60年代頃にはHVSSやカミンズ製ディーゼルエンジンへの換装が行われ、増幅されたフェンダー上には工具箱やジェリカン、予備転輪や履帯などの車外装備品が搭載された。又、この時期に主砲基部にサーチライトを装備する改造が行われた様である。また、カミンズ製ディーゼルエンジン装備タイプも60年代~70年代後期にかけ何段階かの改修がおこなわれており、初期には車体下部リアパネルにM4A3のような排気管が装備されていたが、70年代には排気管は車体エンジンデッキ上に移されている。なお前述のM1と後述のM51なども含めて、M4A4延長車体以外の車体ではカミンズ製ディーゼルエンジンがわずかに納まり切らず、車体後部のエンジン点検ハッチ部分が10 cm ほど増厚されている。資料によっては、VVSSサスペンション、コンチネンタル製ガソリンエンジン搭載の初期タイプをM50 Mk.I、HVSSサスペンション、カミンズ製ディーゼルエンジン搭載の後期タイプをM50 Mk.IIとして区別している。

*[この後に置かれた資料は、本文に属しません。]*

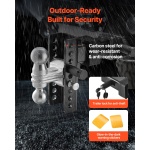 SQTQJTCB25INHXG6PV0 gallery 3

1956年の第二次中東戦争では、エジプト軍の使用したAMX-13の砲塔を装備したM4戦車などと交戦した。またレバノン内戦以降は南レバノン軍(SLA)などに供給されている。
1960年頃、アラブ諸国が導入を進めていたIS-3やT-55戦車への対抗策として更に強力な105 mm 砲の導入が検討され、フランスがAMX-30用に開発したCN-105-F1砲が候補に挙がった。同砲はHEAT弾のライフリング回転による威力低下をベアリングで相殺して抑える当時としては画期的な「G弾」を使用できたのが特徴で、イスラエルとフランスとの共同研究の結果、砲身長を56口径から44口径に短縮し(それでも約4.5メートルに達した)、先端に板金溶接製の巨大なマズルブレーキを搭載して後退量を抑える事でM4の76 mm 砲塔への搭載を可能にした。なお、砲身長が短くなった事で砲弾初速が低下しているが、化学エネルギーを利用するHEAT弾を使用することから、威力はほとんど低下しなかった。
こうして1962年に同砲を搭載したM51スーパーシャーマンが生み出された。車体はM4A1鋳造後期型車体を使用(一部はM4A3溶接後期型車体)、砲塔は長大な砲身との重量バランスを取るために後部が延長された。生産時期の関係から、ほとんどの車両がHVSSサスペンション・カミンズ製ディーゼルエンジンを装備しているが、初期に製造された物の中にはコンチネンタル製ガソリンエンジンを装備している例も有る。
1967年の第三次中東戦争では、既に導入の始まっていたセンチュリオン(ショット)やM48パットン(マガフ)と遜色無い能力を発揮し、エジプト軍機甲部隊相手に圧倒的な戦果を挙げている。なおエンジン排気管や車外装備品の配置、砲塔の機銃や迫撃砲の有無など、時期によって細部の変化が見られる (詳細は後述)。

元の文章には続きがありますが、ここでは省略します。